Girraween is a suburb of Sydney, in the state of New South Wales, Australia. Girraween is located 30 km west of the Sydney central business district, in the local government area of Cumberland Council and is part of the Greater Western Sydney region.

History
Girraween is an Aboriginal word meaning place of flowers. It was first inhabited by the Darug people. This area was part of the estate of D'Arcy Wentworth, who was honoured in the naming of the nearby suburb of Wentworthville.

Demographics
At the 2016 census, in Girraween. Less than half (37.9%) of people were born in Australia, with the top other countries of birth being India 26.9%, Sri Lanka 10.6%, Malta 2.5%, China 2.2% and Philippines 1.4%. In Girraween, 70.0% of people spoke a language other than English at home. The other most common languages spoken were Tamil 18.3%, Gujarati 9.4%, Hindi 6.4%, Telugu 4.4% and Maltese 2.5%. The top responses for religious affiliation were Hinduism 42.5%, Catholic 19.8% and No Religion 8.5%.

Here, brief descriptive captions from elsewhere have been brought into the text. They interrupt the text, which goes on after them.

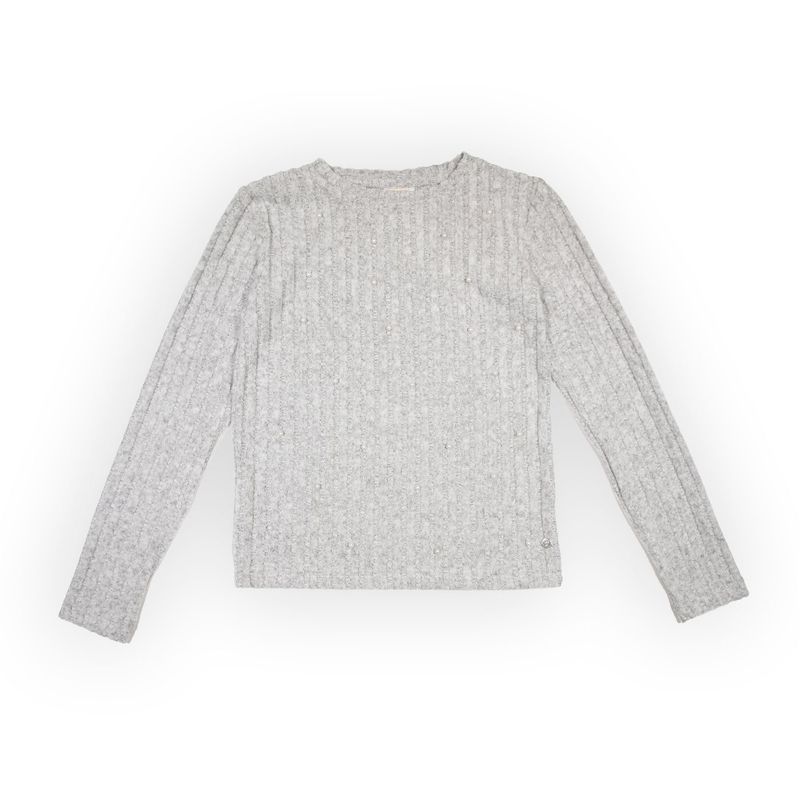 PILLIN - Polera Niña Melange Pillin TVB901-25MLG  - Gris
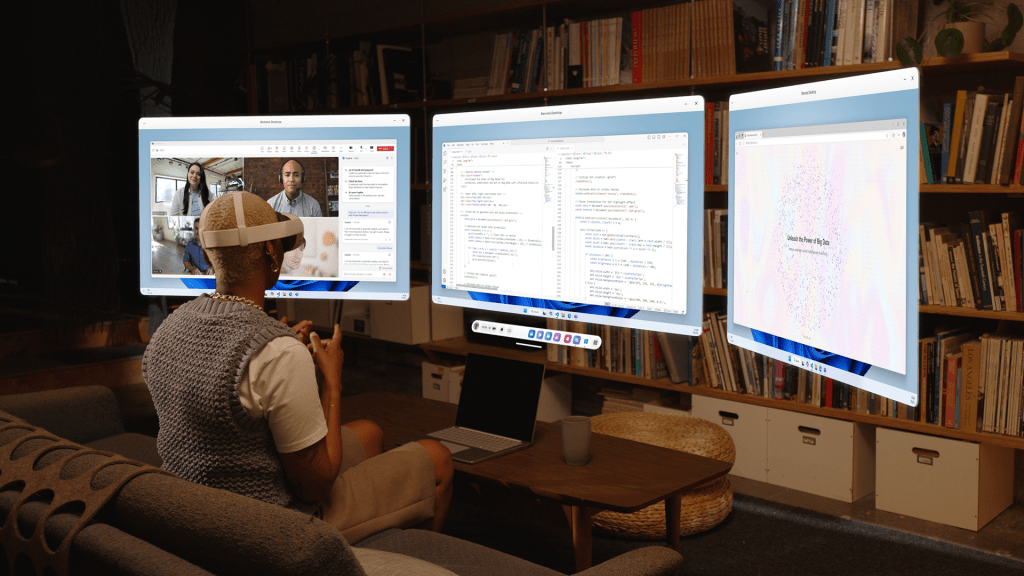 Windows 11’s Vision Pro-like remote desktop is now widely available on Quest 3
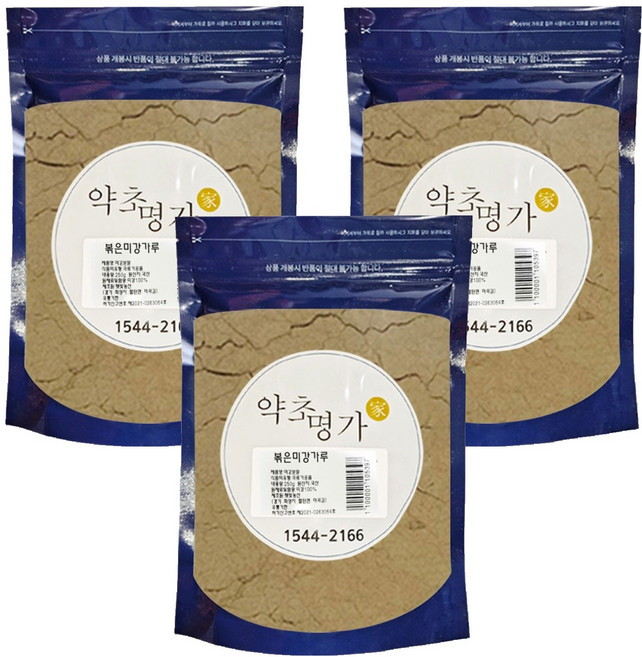 약초명가 볶은미강 쌀가루, 250g, 3개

At the 2011 census, in Girraween. Just under half (44.6%) of people were born in Australia, with the top other countries of birth being India 15.8%, Sri Lanka 9.8% and Malta 3.6%. In Girraween, 59.4% of people spoke a language other than English at home. The other most common languages spoken were Tamil 16.2%, Hindi 4.2% and Maltese 3.5%. The top responses for religious affiliation were Catholic 28.1%, Hinduism 27.5% and Anglican 8.2%.

Transport
Girraween is serviced by the 705 bus route from Blacktown to Parramatta. There is no railway station although it is a short walk through Civic Park, to Pendle Hill Railway Station. Toongabbie Railway Station is also easily accessible by walk or car.

Schools 
 Girraween High School (Selective high school) 
 Girraween Public School
 St Anthony's Girraween (Catholic school)

Sport and recreation
 Girraween Eagles and Girraween Park.
 Civic Park, just over the eastern border in Pendle Hill has a basketball court, a netball court, tennis courts, barbecue areas and a playground area.
 Girraween Little Athletics Club is based at CV Kelly Park.